======== DATA PROVIDED ========
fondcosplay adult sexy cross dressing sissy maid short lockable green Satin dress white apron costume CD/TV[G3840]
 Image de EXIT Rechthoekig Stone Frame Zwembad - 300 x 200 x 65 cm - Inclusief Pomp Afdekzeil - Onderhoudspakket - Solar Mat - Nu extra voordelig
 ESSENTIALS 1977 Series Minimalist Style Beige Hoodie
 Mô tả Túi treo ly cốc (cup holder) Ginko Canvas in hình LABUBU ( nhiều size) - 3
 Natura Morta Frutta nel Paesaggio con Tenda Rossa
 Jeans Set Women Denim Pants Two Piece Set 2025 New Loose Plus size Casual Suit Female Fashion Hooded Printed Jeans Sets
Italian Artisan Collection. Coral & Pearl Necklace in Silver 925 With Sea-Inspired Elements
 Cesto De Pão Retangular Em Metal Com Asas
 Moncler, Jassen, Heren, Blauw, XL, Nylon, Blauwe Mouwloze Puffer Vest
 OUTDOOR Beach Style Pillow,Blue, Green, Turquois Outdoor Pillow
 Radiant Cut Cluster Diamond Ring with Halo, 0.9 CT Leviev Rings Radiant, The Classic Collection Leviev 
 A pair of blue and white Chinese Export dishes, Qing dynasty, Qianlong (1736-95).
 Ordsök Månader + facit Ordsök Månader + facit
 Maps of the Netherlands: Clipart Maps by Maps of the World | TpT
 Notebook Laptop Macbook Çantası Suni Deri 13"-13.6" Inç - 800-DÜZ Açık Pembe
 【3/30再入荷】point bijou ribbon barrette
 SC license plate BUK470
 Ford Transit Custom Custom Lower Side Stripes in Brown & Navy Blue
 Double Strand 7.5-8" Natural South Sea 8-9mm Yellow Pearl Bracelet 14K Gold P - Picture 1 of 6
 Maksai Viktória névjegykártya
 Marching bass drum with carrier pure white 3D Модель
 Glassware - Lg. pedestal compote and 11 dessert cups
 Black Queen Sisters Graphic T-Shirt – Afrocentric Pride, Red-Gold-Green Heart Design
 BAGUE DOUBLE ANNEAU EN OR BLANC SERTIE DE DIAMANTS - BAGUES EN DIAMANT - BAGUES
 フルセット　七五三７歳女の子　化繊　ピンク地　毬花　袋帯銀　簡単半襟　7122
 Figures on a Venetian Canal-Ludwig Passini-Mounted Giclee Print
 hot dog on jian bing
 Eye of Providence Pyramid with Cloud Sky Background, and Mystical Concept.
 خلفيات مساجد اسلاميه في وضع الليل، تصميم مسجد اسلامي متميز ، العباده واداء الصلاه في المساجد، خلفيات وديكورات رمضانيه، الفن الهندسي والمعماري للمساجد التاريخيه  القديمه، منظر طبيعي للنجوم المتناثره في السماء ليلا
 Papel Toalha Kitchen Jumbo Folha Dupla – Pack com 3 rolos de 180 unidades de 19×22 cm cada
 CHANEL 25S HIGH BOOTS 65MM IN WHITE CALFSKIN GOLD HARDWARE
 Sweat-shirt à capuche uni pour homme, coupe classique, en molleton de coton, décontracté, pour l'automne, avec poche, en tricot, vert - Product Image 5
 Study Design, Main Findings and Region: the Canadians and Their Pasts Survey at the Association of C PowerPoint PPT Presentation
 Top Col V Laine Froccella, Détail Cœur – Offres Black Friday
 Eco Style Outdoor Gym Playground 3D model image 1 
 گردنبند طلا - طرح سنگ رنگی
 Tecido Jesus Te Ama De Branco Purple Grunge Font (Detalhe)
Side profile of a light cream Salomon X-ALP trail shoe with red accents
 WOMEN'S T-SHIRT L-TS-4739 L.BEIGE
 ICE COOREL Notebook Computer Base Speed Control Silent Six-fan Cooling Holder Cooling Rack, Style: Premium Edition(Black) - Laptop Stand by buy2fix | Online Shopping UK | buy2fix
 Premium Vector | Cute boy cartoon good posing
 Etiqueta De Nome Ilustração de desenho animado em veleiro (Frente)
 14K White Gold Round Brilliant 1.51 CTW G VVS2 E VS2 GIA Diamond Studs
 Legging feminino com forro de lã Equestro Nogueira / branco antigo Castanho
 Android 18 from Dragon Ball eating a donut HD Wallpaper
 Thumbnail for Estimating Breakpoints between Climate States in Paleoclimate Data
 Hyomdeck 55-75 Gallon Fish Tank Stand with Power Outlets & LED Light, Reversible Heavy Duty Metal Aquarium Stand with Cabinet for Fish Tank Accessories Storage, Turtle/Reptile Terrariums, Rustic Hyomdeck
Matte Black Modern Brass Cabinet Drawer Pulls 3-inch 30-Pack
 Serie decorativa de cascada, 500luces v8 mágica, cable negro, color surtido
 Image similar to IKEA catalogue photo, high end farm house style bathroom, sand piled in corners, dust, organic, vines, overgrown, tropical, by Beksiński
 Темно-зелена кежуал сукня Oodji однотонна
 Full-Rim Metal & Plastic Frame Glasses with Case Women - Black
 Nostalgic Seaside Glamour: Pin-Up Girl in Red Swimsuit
========
### WHAT THIS TASK INVOLVES
The line containing "Mô tả Túi treo" marks the end. Please print exactly every line from the top of the data to it, both included, and nothing more.

### OUTPUT FOR THIS TASK
fondcosplay adult sexy cross dressing sissy maid short lockable green Satin dress white apron costume CD/TV[G3840]
 Image de EXIT Rechthoekig Stone Frame Zwembad - 300 x 200 x 65 cm - Inclusief Pomp Afdekzeil - Onderhoudspakket - Solar Mat - Nu extra voordelig
 ESSENTIALS 1977 Series Minimalist Style Beige Hoodie
 Mô tả Túi treo ly cốc (cup holder) Ginko Canvas in hình LABUBU ( nhiều size) - 3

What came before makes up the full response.